Time is far spent for bullshitting.

*blank stare*

I've got to get this ball on the court. Gotta get my thang in my action.


That's what's happenin'.

*blank stare*

Something's got to pop off for me. Soon. I realize that I'm as anxious as S about the prospect of not being able to do that which I've always done.

I didn't understand her angst

I'm straight trippin', boo.

Too much time on my hands, it's ticking away with my sanity
I've got too much time on my hands, it's hard to believe such a calamity
I've got too much time on my hands and it's ticking away from me
Too much time on my hands, too much time on my hands
Too much time on my hands . . .
-- Styx

Oy vey.

Monday, September 12, 2005

Next Lifetime

Your energy
Feels so damn good to me
It picks me up
Don't wanna come down
Got you spinnin' all around
You need to know
I got somebody
But your beautiful
But still it ain't that type of party
-- Badu

HAS to be the most fucked up emotional situation you can ever be in.

Err'thang is right.

Chemistry. So damn right. Interests. So right. Flow. So gatdman right.

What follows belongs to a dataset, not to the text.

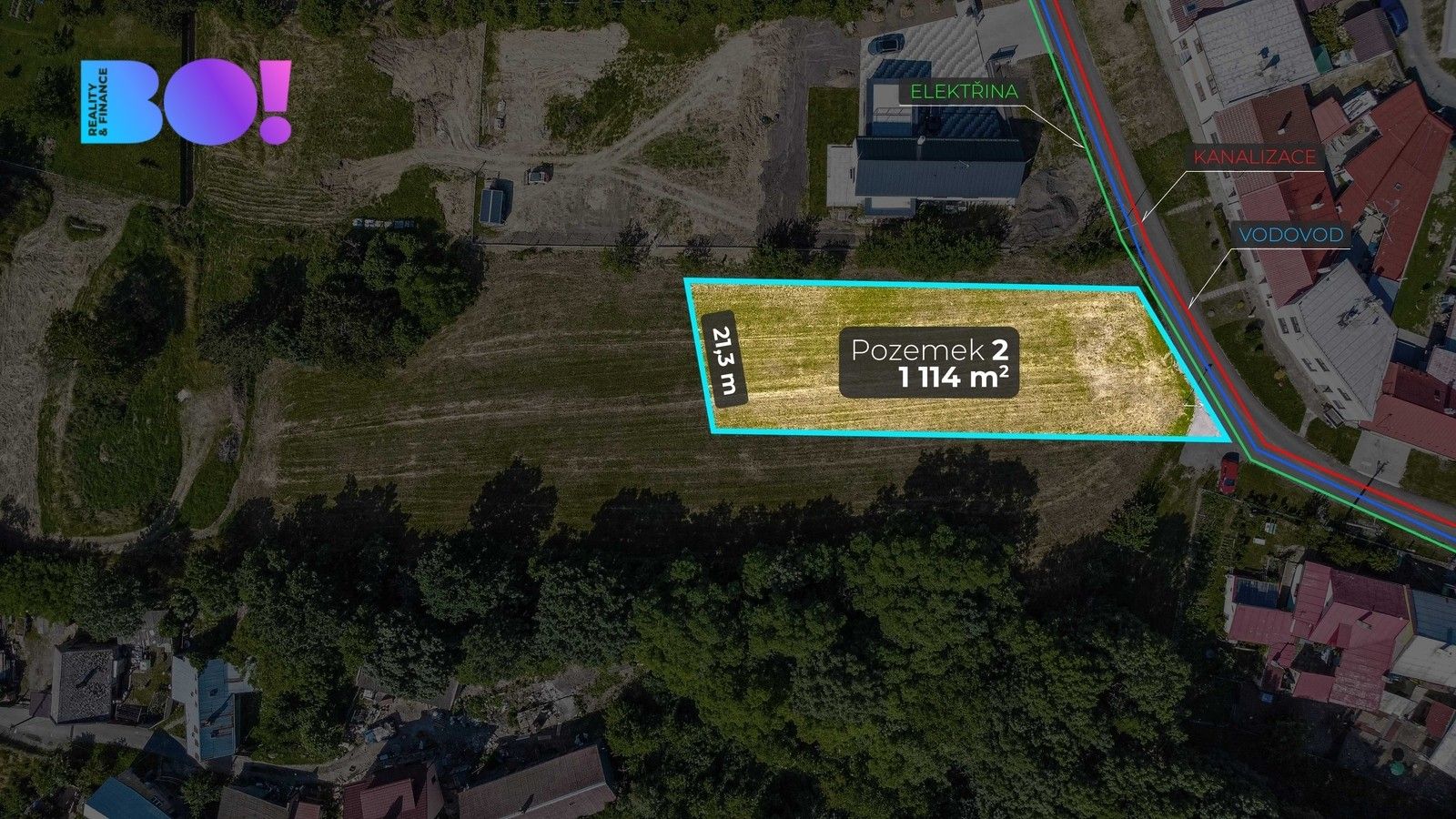 Pozemky pro bydlení, Stará Ves, 1 m²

...but you kinda in the middle of something. *ahem* Ok, ok. You're in a relationship.

That shit blows me, because this type of shit used to always seem to happen to me.

I was famous for havin' some ill timing when it came to my loins.

Me and Dennis messed with each other for years. How long was it? Had to be about 10 good years. On and off.

When I had a boyfriend, I wouldn't fuck with him.

When he had a girlfriend, I'd still fuck with him.

Hey, he'd ask, how come you refuse to cheat, but you make me cheat?

I'd sigh, and reassure him, Because you can't bear the thought of being without me.

I wasn't being arrogant. I was telling the truth.

I was his drug. I was his drink of choice. I was his equalizer. I was the neutralizer. I was his balance. I was...I was....the best piece of ass he ever had.

Oh, how sweetly I would kiss Dennis. Oh, so sweetly. I'd awaken his body with kisses. Wow, he loved kisses.

I knew how to touch him. What to say to him. How to hold him.

We'd slow drag in his living room to Keith Sweat and Gerald Levert, and he'd make me all wet and sticky at the thought of fluffy lips cushioning my clit.

*readjusting myself*

And then one day...he told me he was getting married.

Huh? Why?

You don't want me, he said.

I cried.

Because he was right.

Next lifetime won't be soon enough for me to hold him again though.

*raising my hand*

Ooh! Oooh! Pick me! Pick me!

Remember how you used to lean into that shit if the teacher was taking too long to pick you?

Ooooh! Pick me! Pick me!

Be gruntin' and shit.

Anyway, Alexander Foo was a big-swole boy in my 2nd grade class.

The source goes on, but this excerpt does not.